## [EXERCISE BRIEF]
The reply must consist of the complete listing, reproduced exactly, with no images included.

## [RECORDS SHOWN]

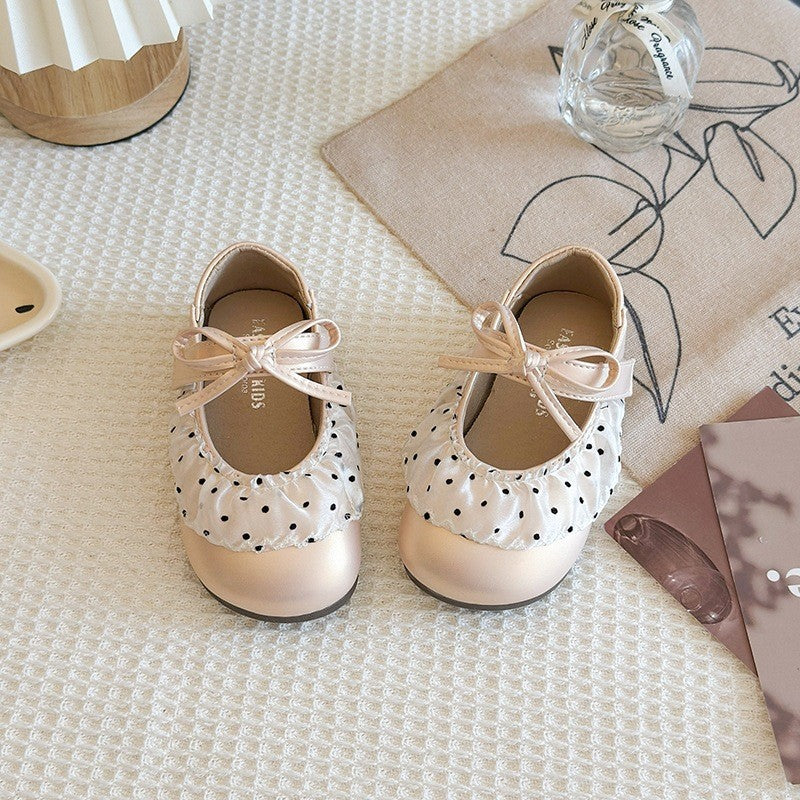 Girls' Korean-style retro soft leather princess shoes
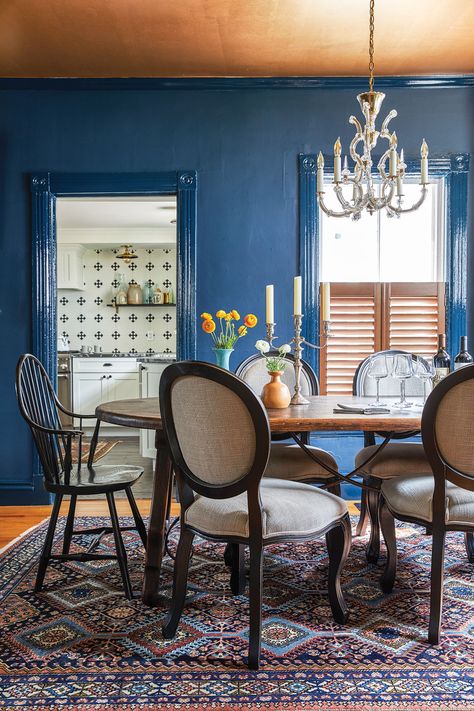 How To Use Pantone's Color of the Year | Maine Homes by Down East Painted Moulding, Blue Dining Rooms, Boho Colorful Living Room, Farrow Ball Hague Blue, Grandmother Interior Design, Coastal Grandmother Interior, New Orleans Courtyard, Boho Dining Room Decor, Colorful Living Room Decor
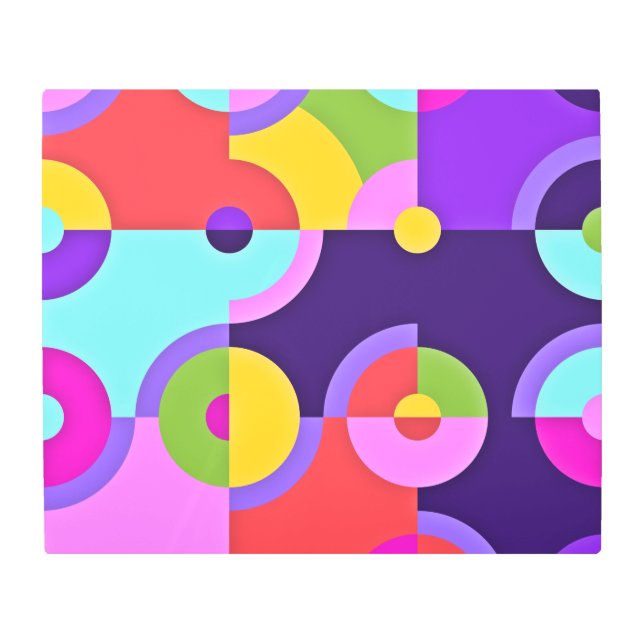 Impresión En Metal Círculos modernos alegres en azul rosado y verde (Anverso)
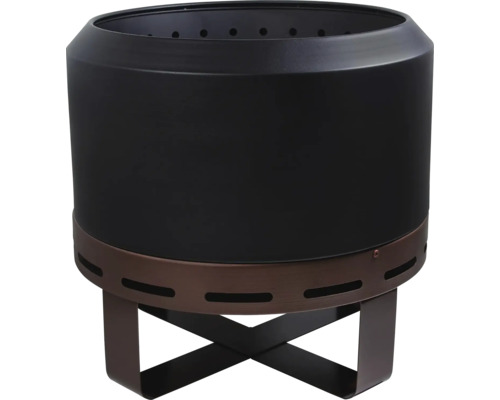 Rökfri eldskål metall Ø45cm svart Eldstad i metall med korsformad bas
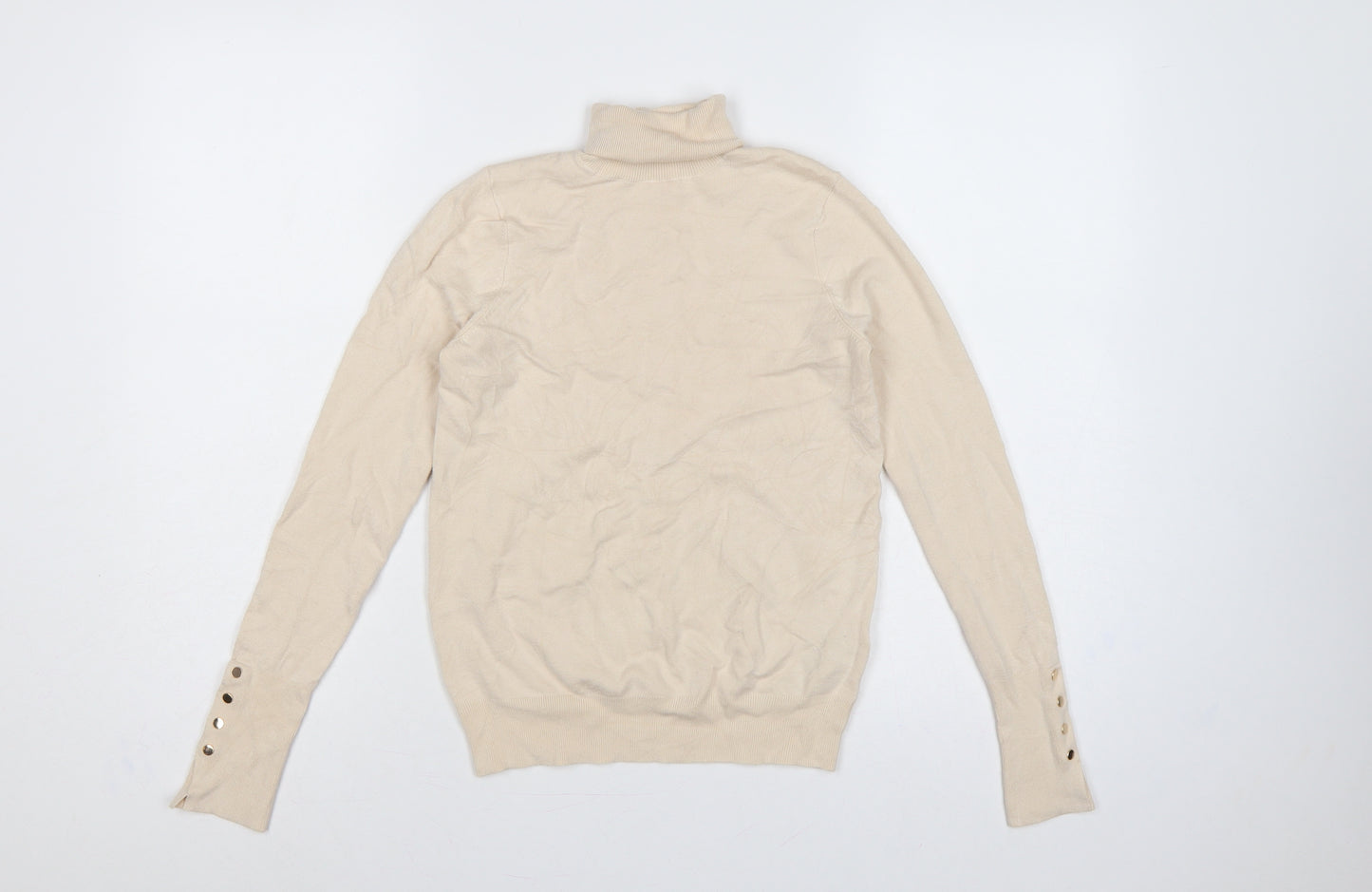 Zara Women Ivory Roll Neck Knit Jumper Size 8 Long Sleeve Buttons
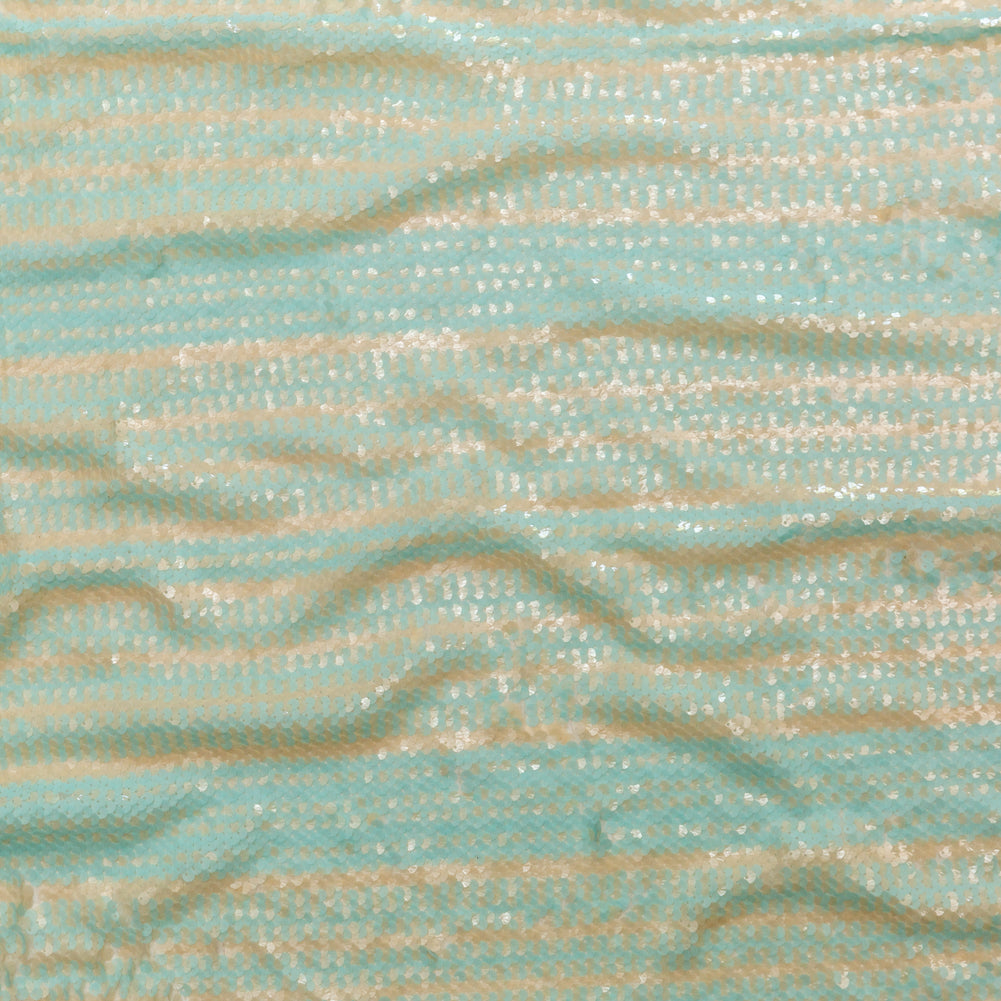 Mesh with Shell Sequins - Opal Blue and Almond Milk Stripes on White - Joann Fabrics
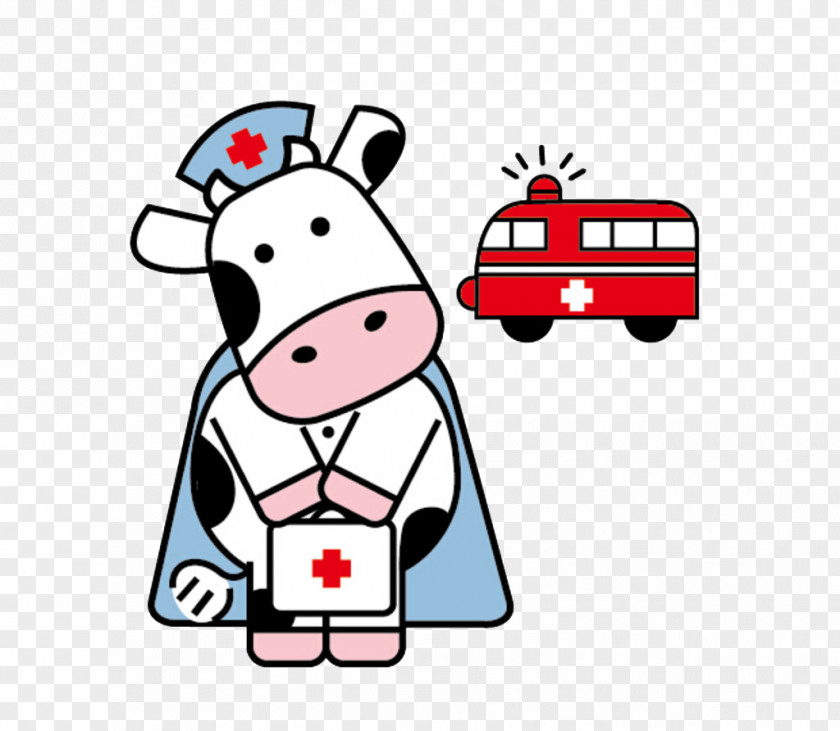 Cow Cartoon Nurse Cattle First Aid PNG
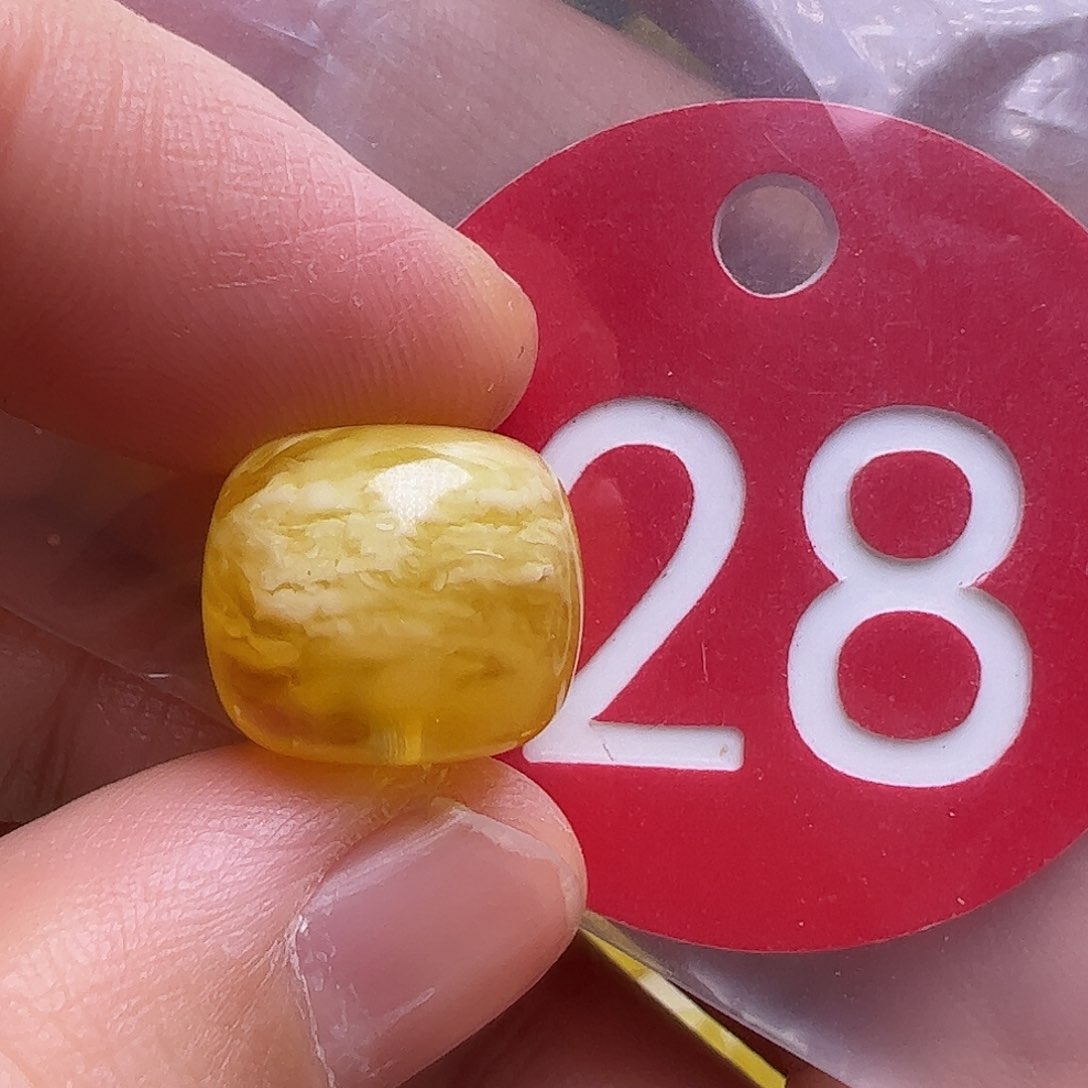 蜜蜡未镶嵌珠宝奇石13.5mm金沙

## [EXERCISE OUTPUT]
 Girls' Korean-style retro soft leather princess shoes
 How To Use Pantone's Color of the Year | Maine Homes by Down East Painted Moulding, Blue Dining Rooms, Boho Colorful Living Room, Farrow Ball Hague Blue, Grandmother Interior Design, Coastal Grandmother Interior, New Orleans Courtyard, Boho Dining Room Decor, Colorful Living Room Decor
 Impresión En Metal Círculos modernos alegres en azul rosado y verde (Anverso)
 Rökfri eldskål metall Ø45cm svart Eldstad i metall med korsformad bas
 Zara Women Ivory Roll Neck Knit Jumper Size 8 Long Sleeve Buttons
 Mesh with Shell Sequins - Opal Blue and Almond Milk Stripes on White - Joann Fabrics
 Cow Cartoon Nurse Cattle First Aid PNG
 蜜蜡未镶嵌珠宝奇石13.5mm金沙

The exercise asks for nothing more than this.